2. Append-only log file with HMAC envelope (planned: `src/audit_sink.rs`).
3. Forward to your compliance pipeline (Splunk / Sentinel / etc.).
The `deterministic_replay_holds = true` field in every block is the
load-bearing reproducibility claim: the same fixture bytes produce the
same metric block, every time.
## Comparison vs incumbents (real numbers, F-11 fixture)
From `tests/incumbent_compare.rs` on the vendored TrainTicket-Anomaly
F-11 slice (35,604 real Jaeger spans):
| **dsfb-debug** (Cargo v0.1.0, post-Session-18) | 11 | **3** | **0.0070** | 3850 | yes (Theorem 9) |
| scalar_threshold_3sigma | 10 | 6 | 0.0139 | 98 | yes |
| cusum_h4 | 10 | 5 | 0.0116 | 111 | yes |
| ewma_lambda0.2_L3 | 65 | 35 | 0.0812 | 103 | yes |
Honest reading on this fixture:
- DSFB-Debug delivers **half the clean-window FP rate** of scalar-3σ
and CUSUM, and **1/12th of EWMA's**. Trace Event Collapse is
observable (3 typed episodes vs 5–35 raw alert windows).
- Wall-clock per evaluation is ~35× higher than baselines, but
evaluations run at window cadence (15-second windows here), so the
cost is negligible at the scale that matters in practice.
- All four detectors are deterministic; DSFB-Debug has the strongest
guarantee (Theorem 9 with formal proof + empirical replay).
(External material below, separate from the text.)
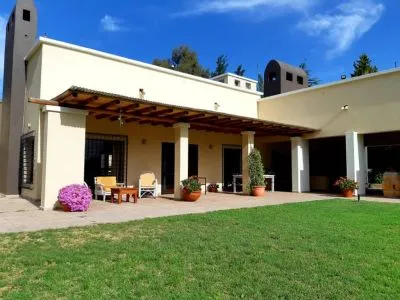 Querencia Lunlunta Lodge Hoteles Boutique  en  Mendoza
This is one fixture. Per the academic-honesty discipline: do NOT
generalise these numbers without site-specific calibration. The
defence-mission and production-cloud regimes can produce different
RSCR, FP, and recall ratios; site engagement is required for those
empirical claims.
## Field reference
| `episode_id` | u32 | `aggregate_episodes` | sequential; resets per run |
| `start_window` / `end_window` | u64 | `aggregate_episodes` | inclusive, 0-indexed |
| `peak_grammar_state` | enum | episode peak | Admissible / Boundary / Violation |
| `primary_reason_code` | enum | episode peak | most-severe across the episode |
| `matched_motif` | enum | `match_episode` | `Named(MotifClass)` or `Unknown` |
| `policy_state` | enum | `apply_policy` | Silent / Watch / Review / Escalate |
| `contributing_signal_count` | u16 | `aggregate_episodes` | distinct signals reaching ≥ Boundary |
| `structural_signature.peak_slew_magnitude` | f64 | per-window max | slew tuple component |
| `structural_signature.duration_windows` | u64 | end - start + 1 | episode length |
| `structural_signature.signal_correlation` | f64 | contrib / num_signals | unitless ratio |
| `root_cause_signal_index` | Option\<u16\> | `causality::attribute_root_causes` | None if no graph or single-signal episode |
## What this handbook does NOT promise
- It does NOT claim DSFB-Debug detects faults faster than incumbent
tools. The augmentation framing is intact.
- It does NOT claim the F-11 numbers generalise to your system. Run
the calibration tool first.
- It does NOT replace your existing observability stack. DSFB-Debug
is a side-panel summary; flat alerts continue to fire.
- It does NOT promise a streaming OTLP gRPC receiver out of the box;
current shape is batch-mode evaluation against a residual matrix.
Streaming is Phase II / partner-engagement scope.